What you produce should match the records exactly, line for line.

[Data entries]
------------------------------------------------
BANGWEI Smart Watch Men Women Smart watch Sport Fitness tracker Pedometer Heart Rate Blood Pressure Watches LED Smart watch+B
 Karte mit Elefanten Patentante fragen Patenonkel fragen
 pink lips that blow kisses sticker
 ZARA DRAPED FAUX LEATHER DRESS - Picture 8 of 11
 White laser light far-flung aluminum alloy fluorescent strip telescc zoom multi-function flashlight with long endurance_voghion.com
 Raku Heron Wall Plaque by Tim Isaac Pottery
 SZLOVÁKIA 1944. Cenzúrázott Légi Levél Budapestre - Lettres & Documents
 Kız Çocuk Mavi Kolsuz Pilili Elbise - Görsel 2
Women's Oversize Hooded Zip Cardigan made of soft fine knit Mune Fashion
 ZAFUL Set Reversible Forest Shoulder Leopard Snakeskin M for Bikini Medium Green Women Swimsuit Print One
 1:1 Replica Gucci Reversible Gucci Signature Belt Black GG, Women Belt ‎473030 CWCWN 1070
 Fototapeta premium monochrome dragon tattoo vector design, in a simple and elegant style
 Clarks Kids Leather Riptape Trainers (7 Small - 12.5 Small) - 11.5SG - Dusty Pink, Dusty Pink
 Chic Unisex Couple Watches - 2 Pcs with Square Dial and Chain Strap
------------------------------------------------
_EXERCISE RESULT_
BANGWEI Smart Watch Men Women Smart watch Sport Fitness tracker Pedometer Heart Rate Blood Pressure Watches LED Smart watch+B
 Karte mit Elefanten Patentante fragen Patenonkel fragen
 pink lips that blow kisses sticker
 ZARA DRAPED FAUX LEATHER DRESS - Picture 8 of 11
 White laser light far-flung aluminum alloy fluorescent strip telescc zoom multi-function flashlight with long endurance_voghion.com
 Raku Heron Wall Plaque by Tim Isaac Pottery
 SZLOVÁKIA 1944. Cenzúrázott Légi Levél Budapestre - Lettres & Documents
 Kız Çocuk Mavi Kolsuz Pilili Elbise - Görsel 2
Women's Oversize Hooded Zip Cardigan made of soft fine knit Mune Fashion
 ZAFUL Set Reversible Forest Shoulder Leopard Snakeskin M for Bikini Medium Green Women Swimsuit Print One
 1:1 Replica Gucci Reversible Gucci Signature Belt Black GG, Women Belt ‎473030 CWCWN 1070
 Fototapeta premium monochrome dragon tattoo vector design, in a simple and elegant style
 Clarks Kids Leather Riptape Trainers (7 Small - 12.5 Small) - 11.5SG - Dusty Pink, Dusty Pink
 Chic Unisex Couple Watches - 2 Pcs with Square Dial and Chain Strap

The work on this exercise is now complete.